# Anyone experience with Alpha Pharma?



## yomah (Mar 11, 2017)

Hey Guys

I finally found a source which delivers in stealth packaging. In my small country are just not many source options, as wer not in the euro-zone. And the customs is a pain in the ass. Friend of mine Paid arround 1000 USD fine as they opened his package. I havent found any reviews on the shop, can i ask here, or is it forbidden?


----------



## PillarofBalance (Mar 11, 2017)

Yeah go ahead and ask.


----------



## yomah (Mar 11, 2017)

Wow okay, i didnt expect that. In most forums its forbidden, but i guess uncencosred stands for something. Looks like a place to stay.

The steroid shop is: qualitystack.net I have to admit, i allready ordered as I was getting no information at all and cudnt ask in most forums so i said f*ck it.

Maybe anyone can calm my sould down and post about a successfull buy on that shop.


----------



## JackC4 (Mar 11, 2017)

You already order so you tell us


----------



## yomah (Mar 11, 2017)

Well it has obviously not arrived yet and it takes at least 2 weeks for the money to arrive and for them to send it.
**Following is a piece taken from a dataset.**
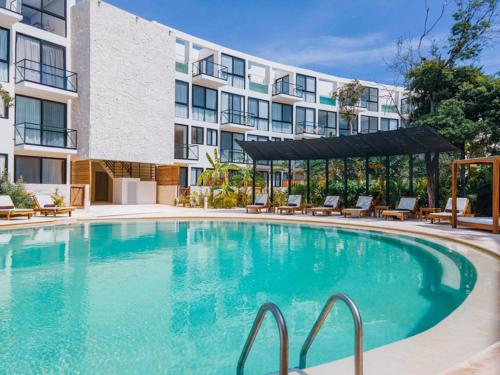 The Waves Tulum by BNB Experience – Tulum, TX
Hard to wait but i must


----------



## Youngblood1984 (Mar 12, 2017)

I have never used them or in that madder never used any type from a online source/website ! Wouldn't you think that to get legit gear is to go to the doc ? And if not the doc to find a trusted source ? Just a thought , now to me I would also think that buying anything from the old Inter web would just be to simple ! Think about it , if you have to get a prescription for something why the hell would they just sell the same thing on a website ? Think about it !!! I would never ever ever ever pin something from some bullshit site , I get that your such in a rush to get it ! Is this your first cycle ? Idk man just my opinion on it , all I can say is get it (if it even shows up) pin it wait a couple weeks and get tested !! If I had no source I would rather not do anything who the f@#* knows what your putting in your body man !! For some people it takes years to find a trusted source ! To be honest it's not something you should just jump into anyways , slow down and think about what your really doing


----------



## PillarofBalance (Mar 12, 2017)

Crap shoot. There is like zero info on google. Only stuff to come up is their site and this thread that's it.
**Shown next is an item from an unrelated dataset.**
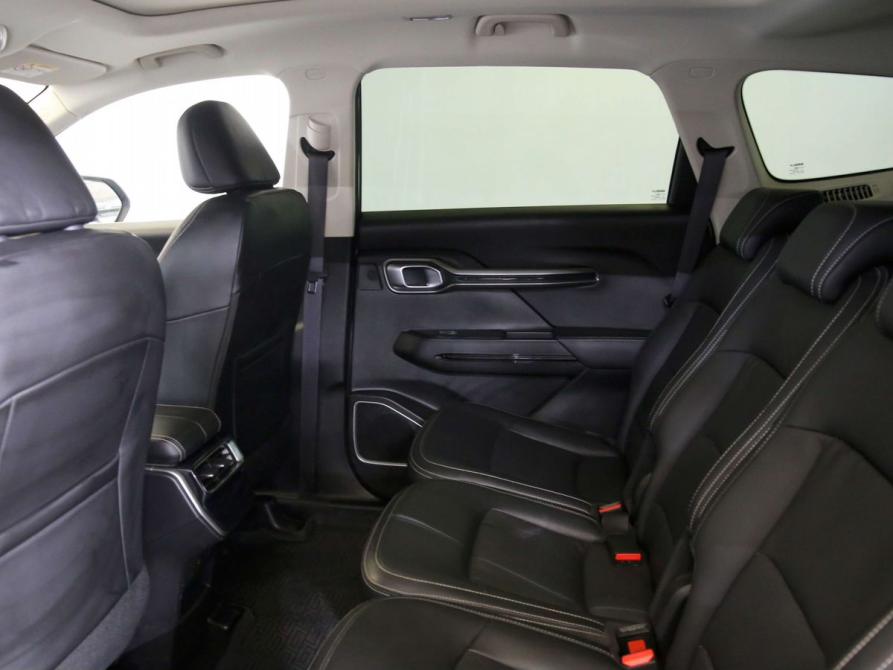 Geely Okavango I Санкт-Петербург  - изображение 18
Curious why you rushed into sending them your money? This isn't for a life threatening disease. Did someone tell you they are good? 
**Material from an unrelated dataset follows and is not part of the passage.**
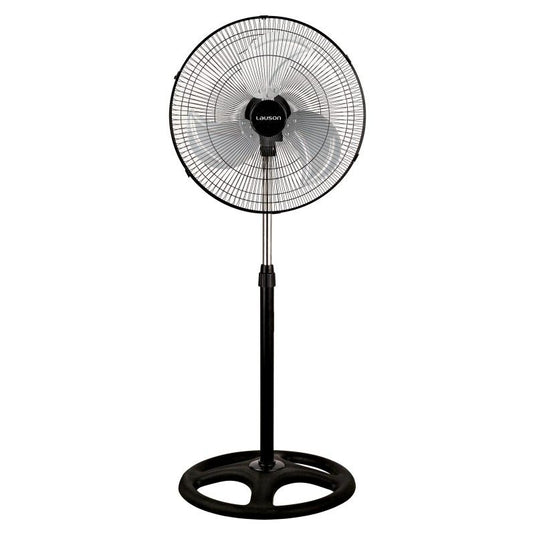 Ventilador Industrial Lauson – 3 en 1 - 60W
I would bet their shit is garbage.


----------



## yomah (Mar 12, 2017)

PillarofBalance said:


> Crap shoot. There is like zero info on google. Only stuff to come up is their site and this thread that's it.
> 
> Curious why you rushed into sending them your money? This isn't for a life threatening disease. Did someone tell you they are good?
> 
> I would bet their shit is garbage.



Youngblood1984 we willknow more soon. Dont be so freaking negative jesus.

Chill out. I ordered some parabolin and testoviron. Alpha Pharma can be tested online so ill know and tetsoviron ill make some pics, then we know more. Everything else is speculation. Like your post. Dont be pesimistic.


----------



## Jaydub (Mar 12, 2017)

Dang dude. Come on here asking advice then get pissy with the guys that try to give you advice or help with your situation? That's not very nice. So it's gonna take 2 weeks just for the money to get there? Or they're saying a 2 week TA? In the future don't leap before you look. Asking questions about a website or sources legitimacy after you've sent funds is kinda back asswards.


----------



## PillarofBalance (Mar 12, 2017)

I have absolutely had it with these disrespectful punk ass fukksticks.  Not tolerating this shit anymore.


----------



## zuzulo (Mar 26, 2017)

Why did you ban me? I just asked not to be negative. Anyway, for anyone who is interested in stealth packaging (iam just trying to help after all), my stuff came. Testoviron looks real and the Alpha Pharma Parabolin code was correct. Here are the images i just made:


----------



## zuzulo (Mar 26, 2017)




----------



## Aoutest (Mar 27, 2017)

Dang! I checked out that site. Those prices..... Good-ness! Didn't know people paid that kind of money for AAS.


----------



## zuzulo (Mar 28, 2017)

Lol, thats about 50% of what i pay here in my little small ass rich country. Its a pain in the ass. Sources here want 120-160 (~in Dollars) for one f* vial!


----------



## Jin (Mar 28, 2017)

Aoutest said:


> Dang! I checked out that site. Those prices..... Good-ness! Didn't know people paid that kind of money for AAS.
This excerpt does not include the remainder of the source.